- _About this task_
Look below for the line that contains "Black Velvet Rose 47cm - R319", then quote it and all the lines after it, exactly, with the pictures left out.

- _Source data_
::::::::::

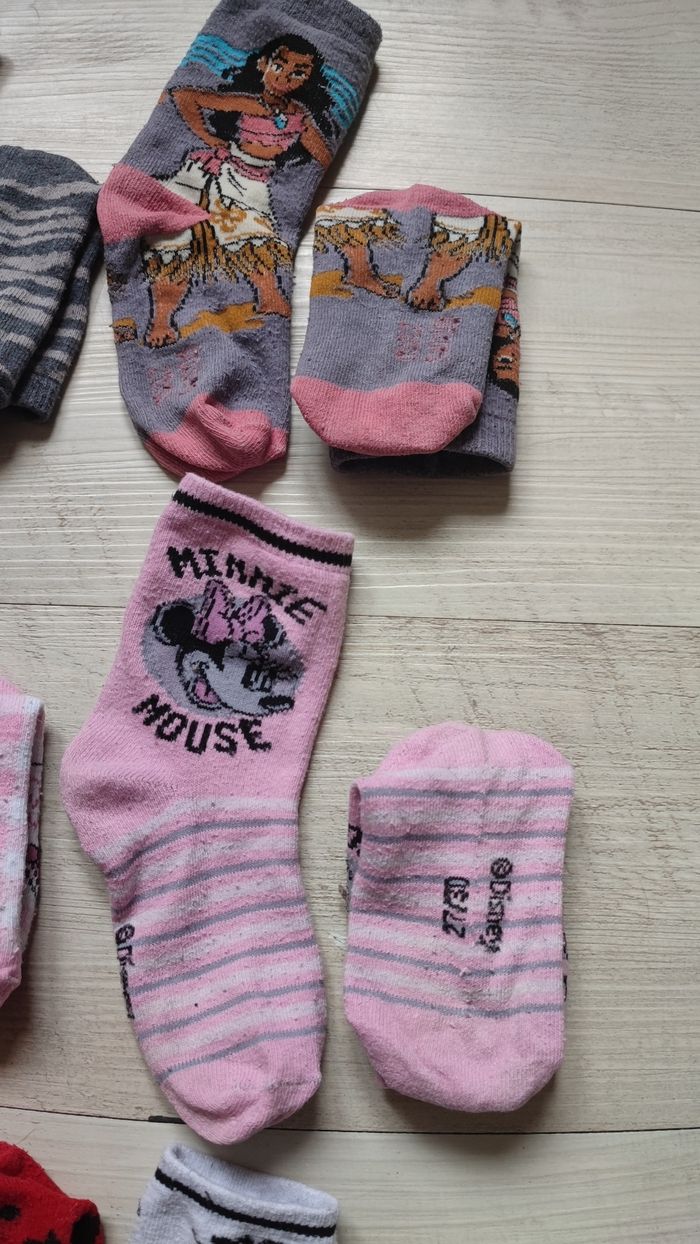 Lot chaussettes filles - photo numéro 4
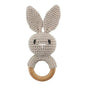 Crochet Animal Rattle Baby Toy Montessori Teether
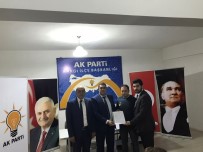 AK Parti Kargı Gençlik Kolları Başkanı Üstünel Oldu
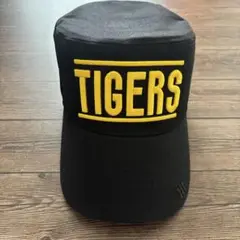 Hanshin Tigers キャップ 黒 メッシュ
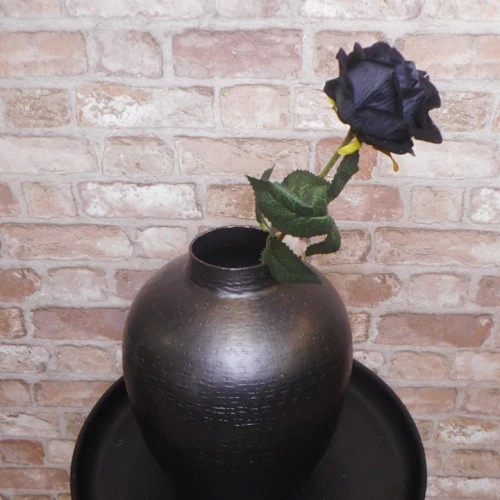 Black Velvet Rose 47cm - R319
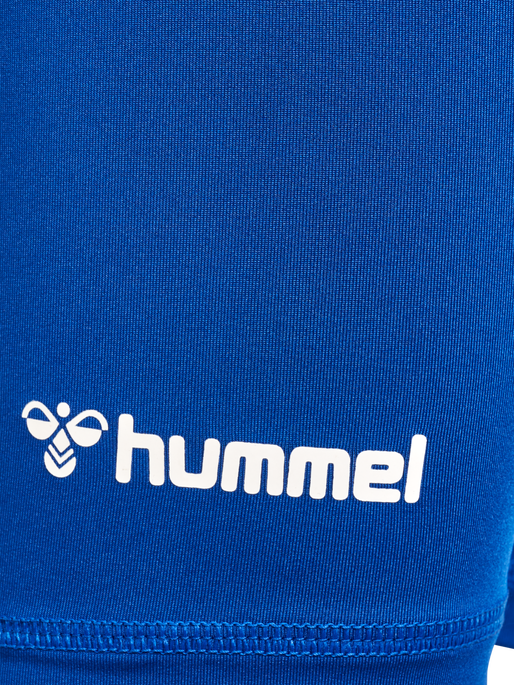 hmlBL ESSENTIAL SHORT TIGHTS KIDS, TRUE BLUE, packshot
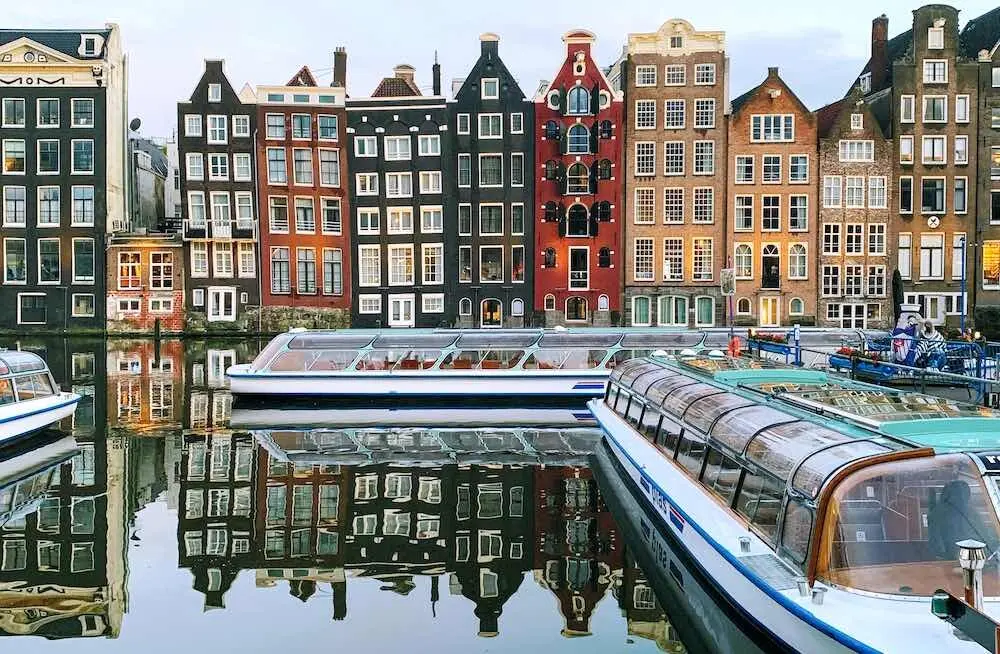 Amsterdam Häuser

::::::::::

- _Response to the task_
 Black Velvet Rose 47cm - R319
 hmlBL ESSENTIAL SHORT TIGHTS KIDS, TRUE BLUE, packshot
 Amsterdam Häuser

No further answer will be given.